I don't think that would really do it here. The problem is not (just, or even primarily) the laws against criminal copyright infringement. The problem is the Computer Fraud and Abuse Act, the Wire Act, RICO and the complete set of federal laws passed during the heyday of organized crime that are so broad and with such disproportionately insane penalties that they can be used to put just about any arbitrary subject of Her Majesty the Queen Prosecutor in prison for the rest of their natural lives.
Fixing one statute isn't going to cut it; they'll just keep on at it with the ones remaining. The fix has to be systemic or it's nothing but a band aid on a gunshot wound.
Changing the law is the aim, no doubt, but as with anything, progress is much easier when you're seen as having strength and being on the side of the angels. Having legally and properly dispensed with a conspicuously abusive US Attorney does a tremendous amount to discredit the opposition. And it puts other attorneys on notice that their preferred tactic—hitting people with a raft of charges the freezing or exhausting their assets before a trial—is on the public radar as a deeply illigitimate and almost certainly unconstitutional approach to handling what are, increasingly, political crimes.
I completely agree that we should make every legitimate effort to have this prosecutor removed from her position, along with anyone who uses similar tactics. You have to start somewhere.
My point is simply that this is a systemic problem. We can't have one prosecutor removed and then stop. We have to make this entire model of prosecution illegitimate. It's going to take a sustained, organized movement to make real change.
Which isn't to say it can't be done. It damn well has to be done. But it isn't going to be easy.
That's not how politics works. It's never been how politics works. This is why most people simply ignore Silicon Valley and the Internet when it comes to political issues.

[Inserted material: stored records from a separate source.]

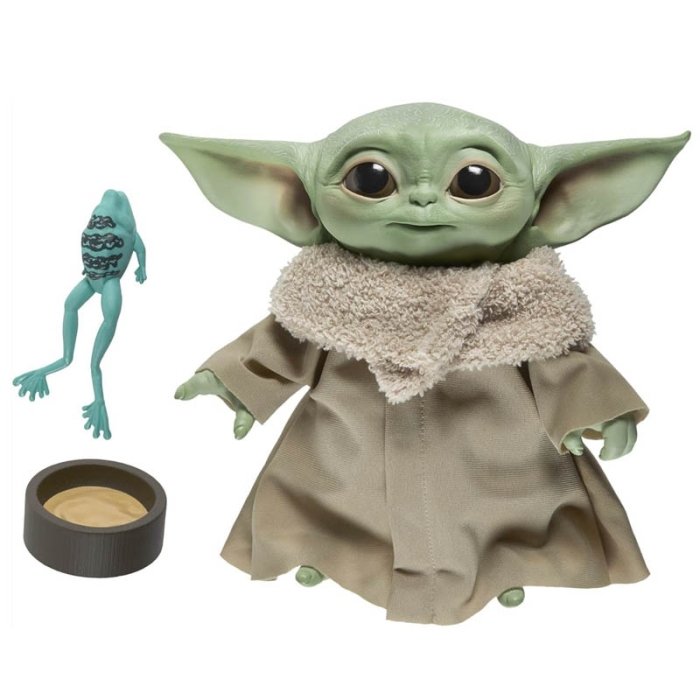 فیگور بیبی یودا Baby Yoda موزیکال کد 20801A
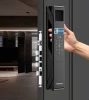 Advanced 3D Face and Finger Vein Recognition Smart Lock Compatible with TUYA App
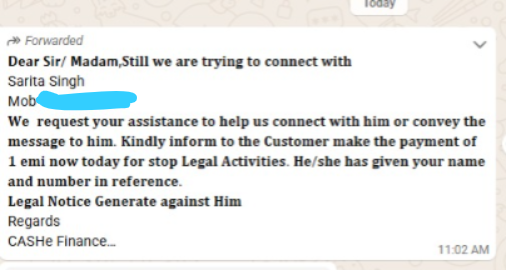 Unknown person tweet media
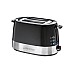 Тостер Clatronic TA 3574 Black/Silver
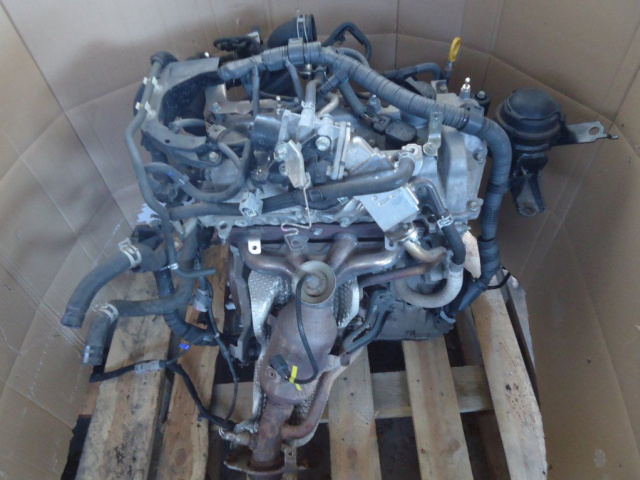 Двигатель в сборе TOYOTA YARIS III HYBRID 1.5 2012-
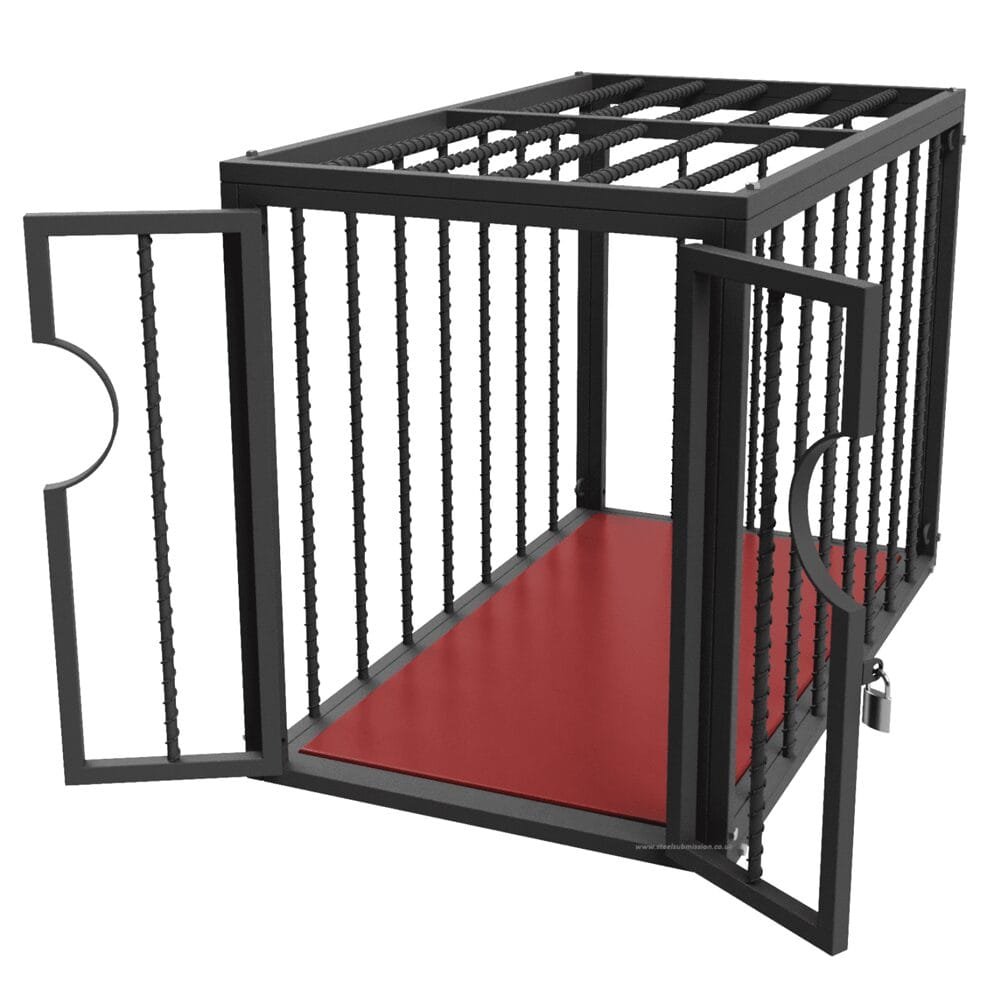 bonnie bentley recommends The Cage Bdsm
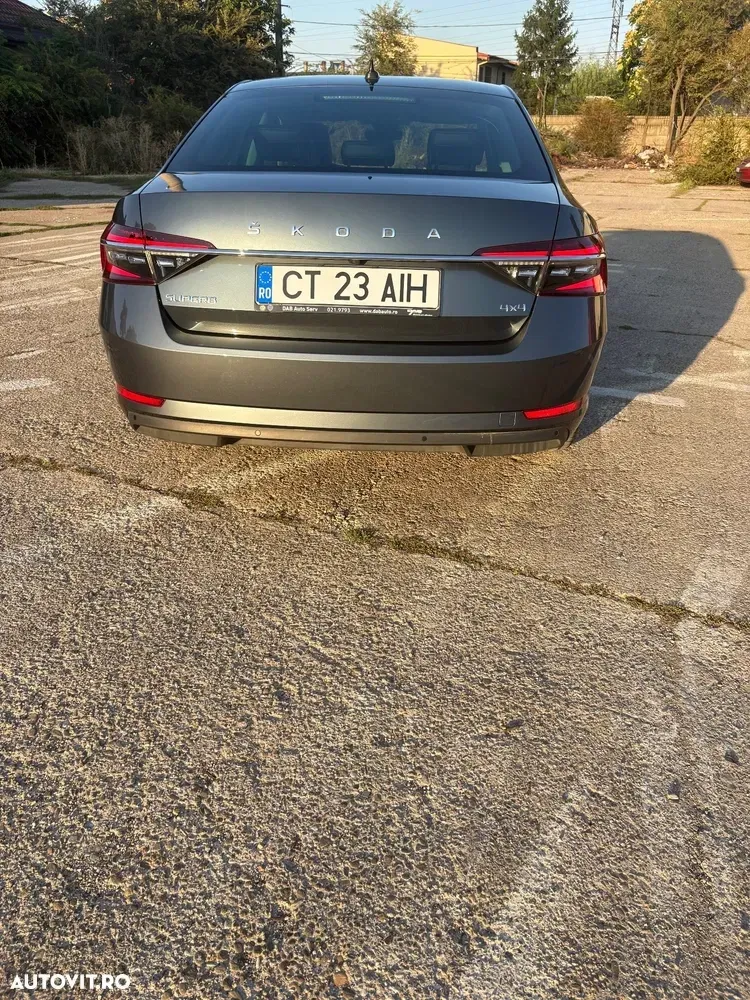 Škoda Superb III — imagine 4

If the likes of 4chan or reddit attack a federal prosecutor personally, all they will do is spur political action against reddit and 4chan. The underlying cause of their action will be ignored and forgotten.

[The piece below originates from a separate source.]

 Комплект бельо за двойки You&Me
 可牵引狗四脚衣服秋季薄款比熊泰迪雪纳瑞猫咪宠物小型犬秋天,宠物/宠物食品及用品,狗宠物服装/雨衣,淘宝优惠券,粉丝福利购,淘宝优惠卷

(Note: SOPA is not an exception; major Silicon Valley companies spent serious amounts on lobbying to get that bill dropped. The internet opposition had exactly zero impact on its political fate.)
Key words: "legally" and "properly". In other words, the opposite of what Anon or 4chan could be expected to do.

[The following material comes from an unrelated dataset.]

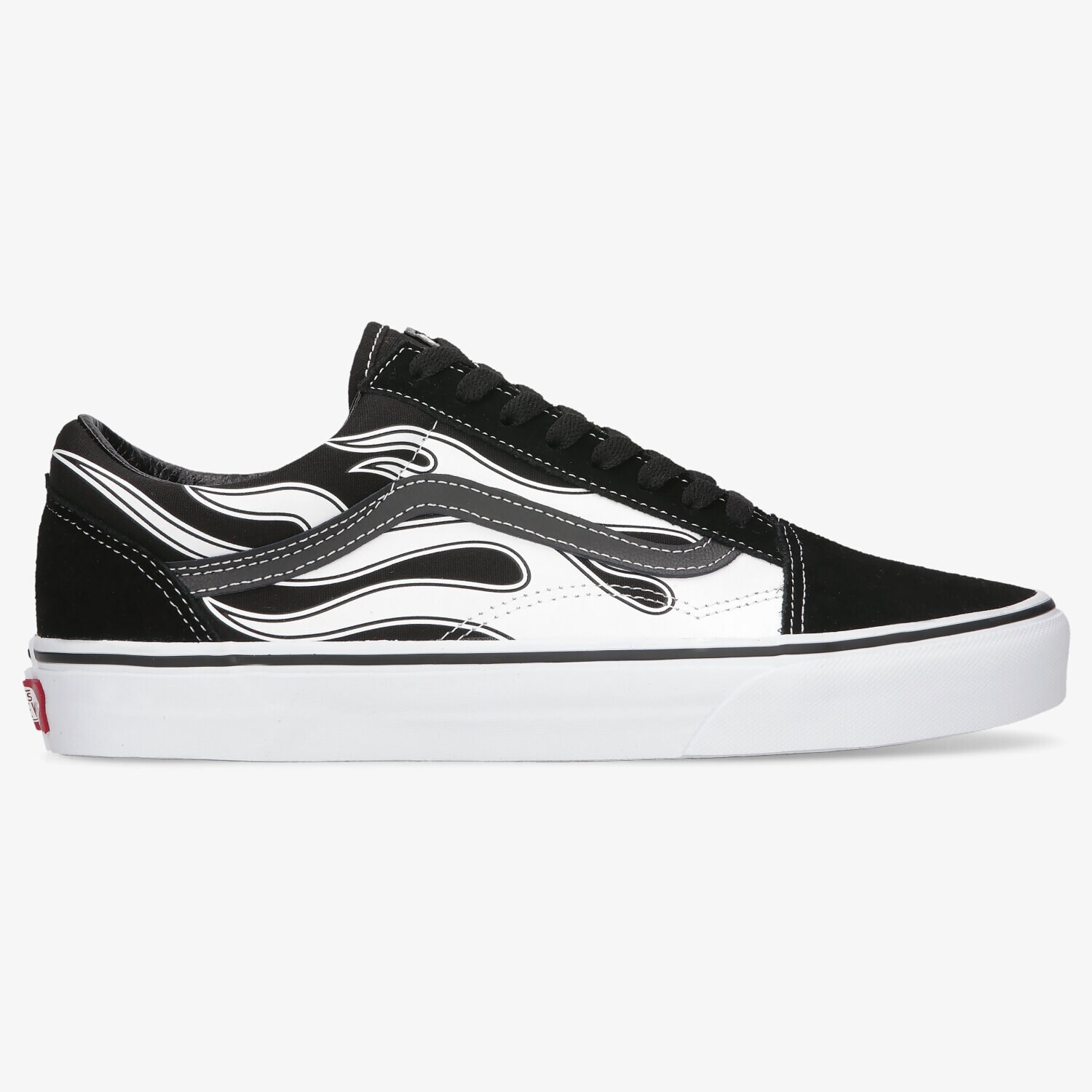 Barbați pantofi sport VANS OLD SKOOL  VN0A38G1K681 Negru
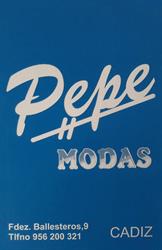 Horario de apertura Pepe Modas, Cádiz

Identifying the tactics used to effectively strip people of their rights to open trials is the object here. Juries exist specifically to guard against abuses like this. If the DOJ has found a way to make getting in front of one exceedingly risky and certainly ruinous, then they should be called to account for what is a clear subversion of basic Constitutional protections.
We can't get Aaron back. But we can make sure that everyone understands why he found himself in such a desperate situation in spite of having done nothing to warrant the insane penalties he was facing.